A person put forward for sainthood must first be designated Venerable by the Pope, then a Servant of God, next as a Blessed and finally a Saint. The process may take several hundred years.

It is unusual for a series of saints to have the same name, because they deliberately chose to take a name they wished to be known by in their religious life, and then become a saint themselves.  This is the case, however, with four women who are all named Teresa in religious life.  (Although there are others, these four are the best known.)

The first was Teresa of Avila (1515-1582), or Dona Teresa de Ahumada y Cepeda , who took the name (this is a custom in some religious orders when an individual is accepted into the order, they take a new name) Teresa de Jesus (Teresa of Jesus). The second, Therese of Lisieux (1873-1897), was named for Teresa of Avila at her baptism, and took her name in religion as Therese of the Child Jesus and the Holy Face. Edith Stein (1891-1942), took the name Teresa, Benedicta de la Cruz (Teresa, Blessed by the Cross) because of her admiration for Teresa of Avila. In fact, she attributes her conversion to Catholicism to her reading of Teresa of Avila’s autobiography. Last was Gonxha Agnes Bojaxhiu, better known as Mother Teresa of Calcutta (1910 – 1997) who took her name in religion from Therese of Lisieux.  Other women, who took the name Teresa in religious life, are in the process of becoming declared saints themselves.

These four great women saints were all members of a religious order. All were known for their persistence in their faith and in the tasks they were to perform. Three belonged to the Carmelite religious order while the fourth founded an active missionary order (Missionaries of Charity).

All four Teresa’s had their faith revealed to the world either through their written autobiographies, through their personal correspondence or through other writings. In their time, they were pillars of strength to others, deeply in love with God, and demonstrated the Christian message through their lives. Whether they lived in obscurity or in international fame, they remained true to their calling: to love and serve God in the best way they could.

Two have been named “Doctors of the Church” (Teresa of Avila and Therese of Lisieux) meaning that their writings contain profound truths about spirituality. They are considered among the greatest teachers of Christianity and Christian spiritual practices.

All four were born in Europe, and three spent their entire lives in European countries: Teresa of Avila in Spain, Therese of Lisieux in France, Teresa Benedicta del la Cruz (Edith Stein) Germany and the Netherlands. Only Mother Teresa left Europe voluntarily.  Her order sent her to India where she spent most of her life.

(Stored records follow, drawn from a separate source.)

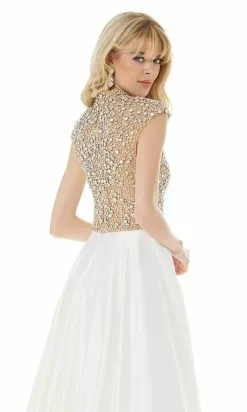 Ashley Lauren - 1980 Pearl Beading A-Line Evening Gown -Wedding Dresses shop online ashley lauren 1980 pearl beading a line evening gown prom dresses 28119858577491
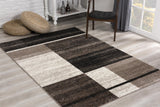 Homeroots 4' X 6' Brown And Beige Abstract Blocks Area Rug  Polyester 390323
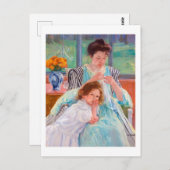 Young Moeder Sewing, Mary Cassatt Briefkaart (Voorkant / Achterkant)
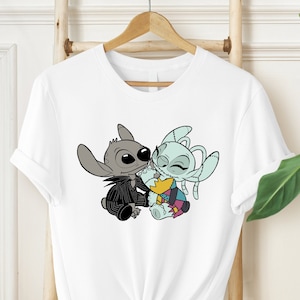 Disney Stitch and Angel Halloween Costume Shirt, Stitch Halloween Shirt,Spooky Season, Disneyland Halloween Shirt, Halloween Matching Shirts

Three died natural deaths. Edith Stein was gassed in Auschwitz.  They came from wealthy, well to do families (Teresa of Avila and Therese of Lisieux) or from poor circumstances (Edith Stein). They entered religious life at different times in their lives. Therese of Lisieux entered at age fifteen. Mother Teresa entered at eighteen. Theresa of Avila entered at around the age of 20, while Edith Stein was in her forties.

Of the four Teresa’s, only Edith Stein was a convert to Catholicism, having grown up a Jew. Edith Stein was also the best educated, having a PhD in Philosophy.

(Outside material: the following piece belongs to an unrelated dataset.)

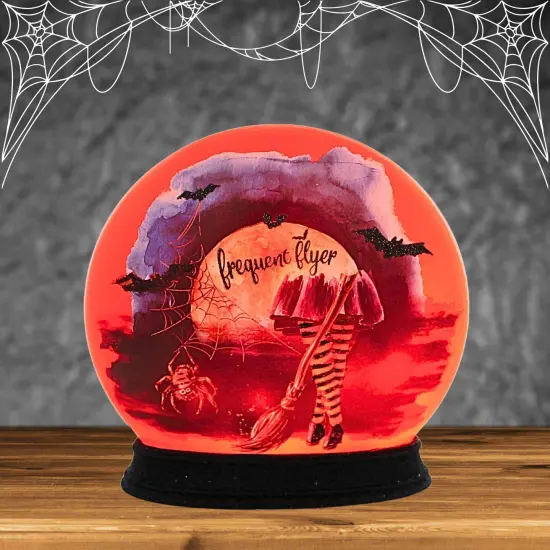 Stony Creek 7.0 Inch Frequent Flyer Pre-Lit Round Orb Halloween Lighted Glass Accent , Halloween Decor WITCHES LEGS {4}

On the face of it, these four women don’t have much in common other than their religious names. What made them so notable that the Church says their lives reflected, at a heroic level, their love of God?

Teresa of Avila is famous in the Catholic Church for two things: she restored the Carmelite religious order to its original purpose and rule, and wrote some of the most profound books on prayer ever written (The Interior Castle). Her books, written in Spanish, were never edited or rewritten; they remain first drafts as she hand-wrote them during spare moments of the day.  She lived during the time of the Spanish Inquisition which attempted to stamp out any person or writing that was overly “spiritual” and was in fact, denounced to the Inquisition.  She lived in a time when kings and royalty ruled Europe and their word was final and binding. Everything that happened in a kingdom needed royal approval, including the founding of religious houses. She suffered from physical illnesses throughout her life, yet she traveled extensively to accomplish her goals. When exhumed, her body was found to be incorrupt.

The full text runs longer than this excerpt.